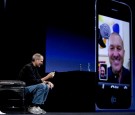 Steve Jobs, chief executive officer of Apple Inc., demonstrates the FaceTime video call functionality of the iPhone 4 during his keynote address at the Apple Worldwide Developers Conference (WWDC).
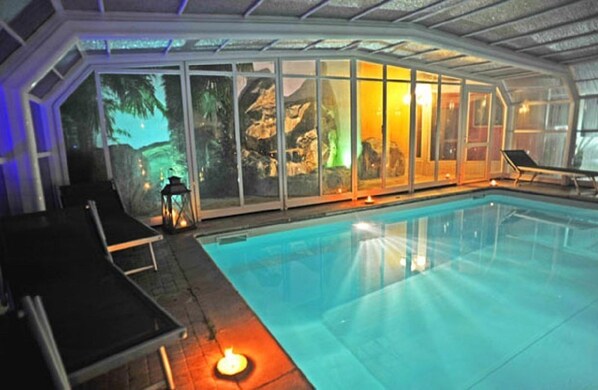 Alberca techada, alberca al aire libre y camastros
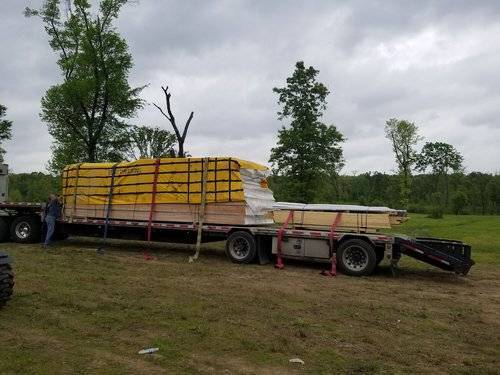 Modern house kit delivered on a semi truck in a rural area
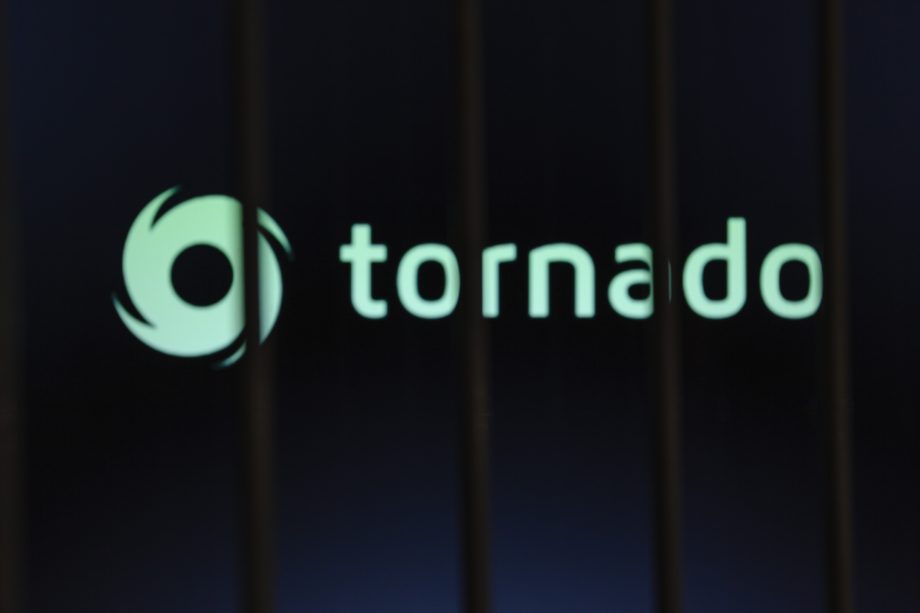 Ein unscharfes Bild mit dem Schriftzug Tornado Cash und einem wirbelnden Logo, das teilweise von dunklen vertikalen Balken im Vordergrund verdeckt wird.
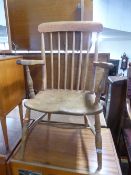 A SPINDLE BACK KITCHEN ARMCHAIR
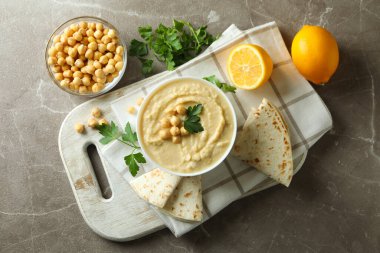 Gri arka planda bir kase humus ile lezzetli yemek kavramı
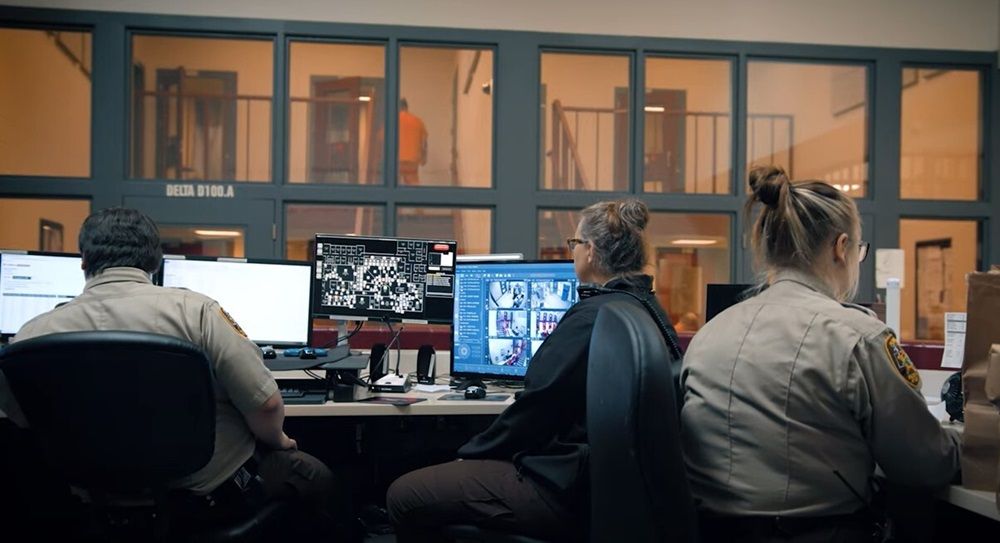 corrections officers at control center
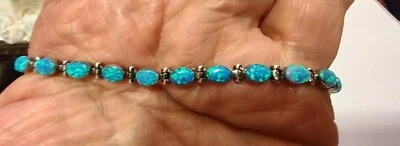 Brazalete de plata de ley 925 con ópalo de fuego simulado de corte ovalado de 8" de largo ((65)) Foto 1 de 4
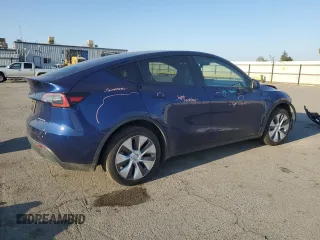 2023 Tesla Model Y Long Range with VIN 7SAYGDEE7PA146322, listed as a Copart auction lot 54071165 with 38,334 mi miles and Salvage Title. Bid and sale history available at DreamBid. Image 3.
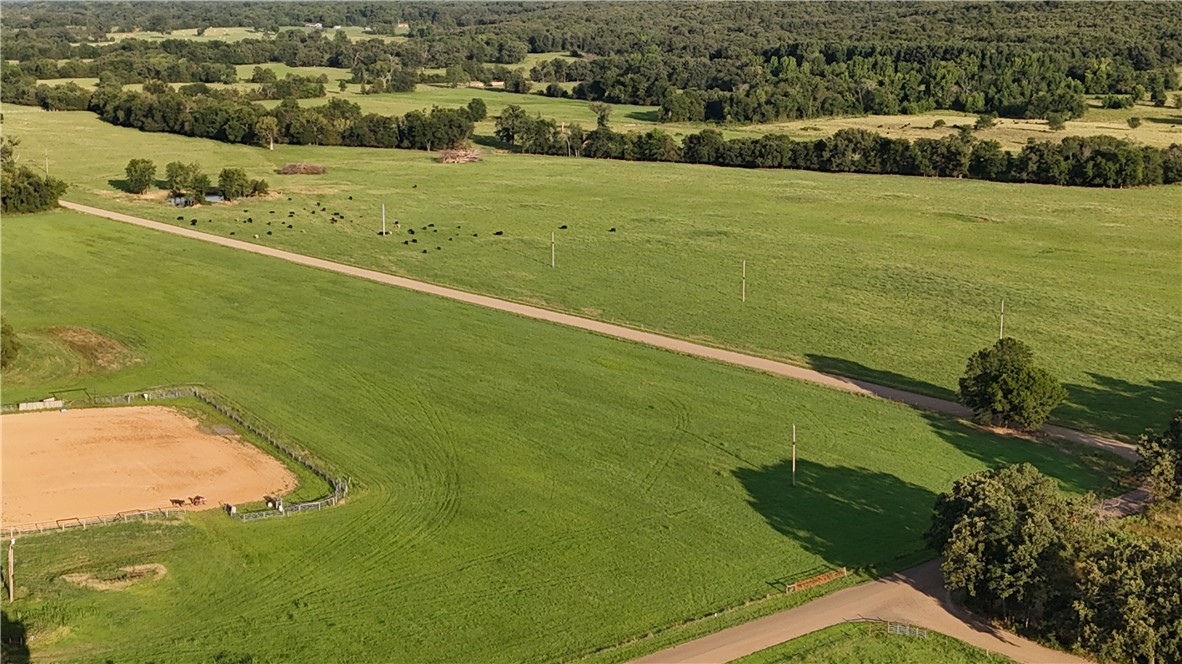2210 Weiterer Road Scranton, AR 72863 - Photo 43 of 49 Expansive green pastures featuring a perimeter of mature trees, a dedicated riding arena, and a winding unpaved road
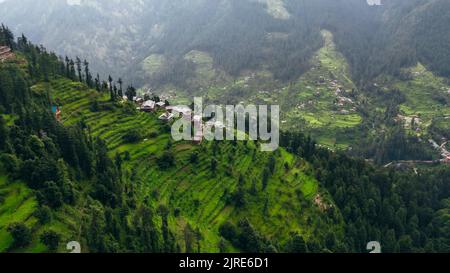 Cima aerea giù delle montagne di Jibhi sul pomeriggio nuvoloso e case che si affacciano sulla valle Foto Stock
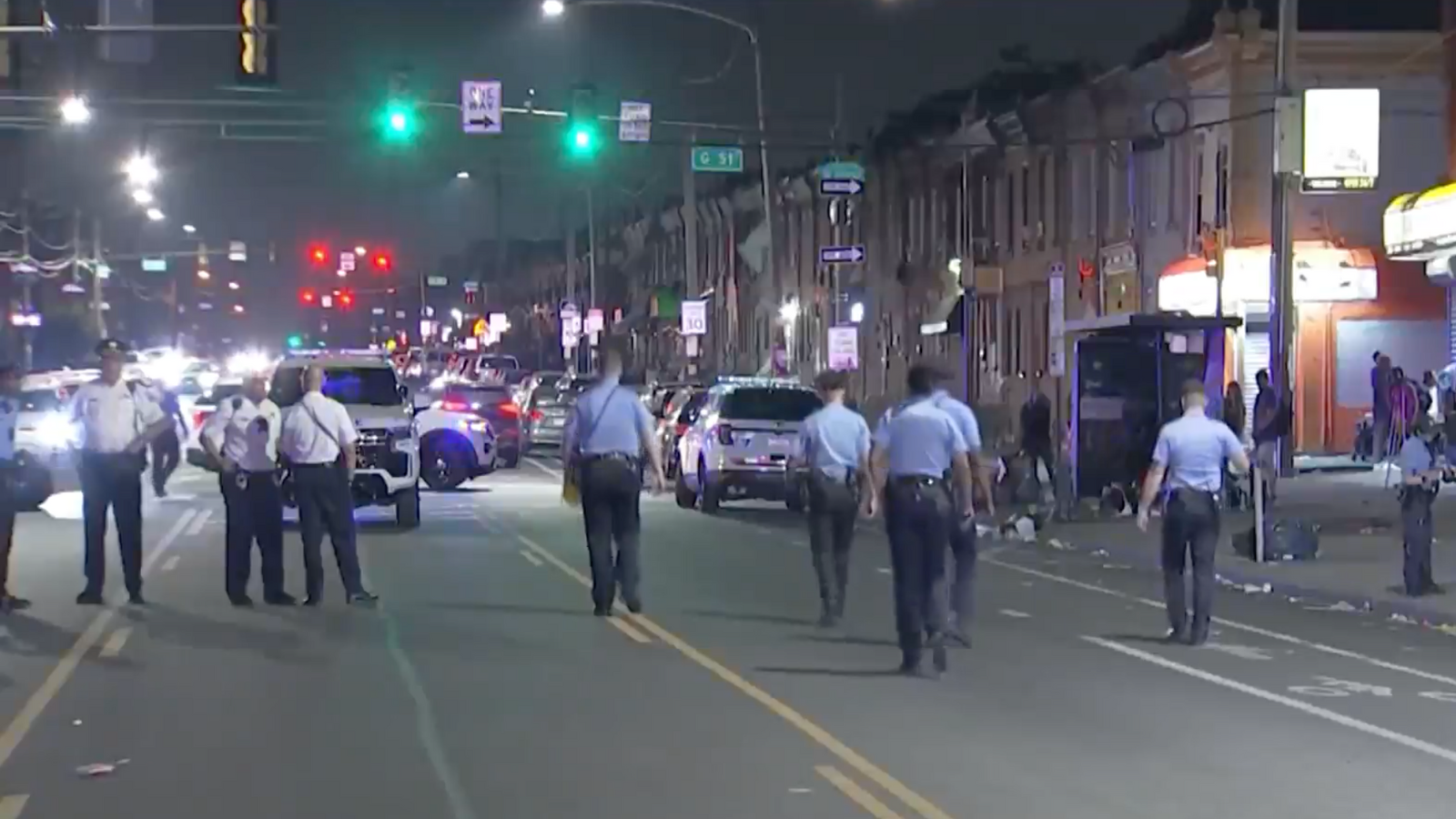 Separate shootings within minutes and a block of each other wound 2, including 15-year-old girl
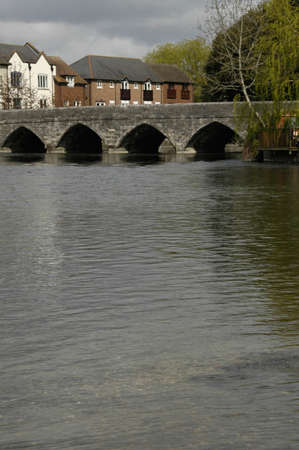 Bridge over the Avon, Ringwood, Hampshire. The Southern entrance to the town of Ringwood, Hampshire, Englandの写真素材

- - - -

Output the listing word for word. Drop the pictures.

**WRITTEN SOLUTION**
 Steve Jobs, chief executive officer of Apple Inc., demonstrates the FaceTime video call functionality of the iPhone 4 during his keynote address at the Apple Worldwide Developers Conference (WWDC).
 Alberca techada, alberca al aire libre y camastros
 Modern house kit delivered on a semi truck in a rural area
 Ein unscharfes Bild mit dem Schriftzug Tornado Cash und einem wirbelnden Logo, das teilweise von dunklen vertikalen Balken im Vordergrund verdeckt wird.
 A SPINDLE BACK KITCHEN ARMCHAIR
 Gri arka planda bir kase humus ile lezzetli yemek kavramı
 corrections officers at control center
 Brazalete de plata de ley 925 con ópalo de fuego simulado de corte ovalado de 8" de largo ((65)) Foto 1 de 4
 2023 Tesla Model Y Long Range with VIN 7SAYGDEE7PA146322, listed as a Copart auction lot 54071165 with 38,334 mi miles and Salvage Title. Bid and sale history available at DreamBid. Image 3.
2210 Weiterer Road Scranton, AR 72863 - Photo 43 of 49 Expansive green pastures featuring a perimeter of mature trees, a dedicated riding arena, and a winding unpaved road
 Cima aerea giù delle montagne di Jibhi sul pomeriggio nuvoloso e case che si affacciano sulla valle Foto Stock
 Separate shootings within minutes and a block of each other wound 2, including 15-year-old girl
 Bridge over the Avon, Ringwood, Hampshire. The Southern entrance to the town of Ringwood, Hampshire, Englandの写真素材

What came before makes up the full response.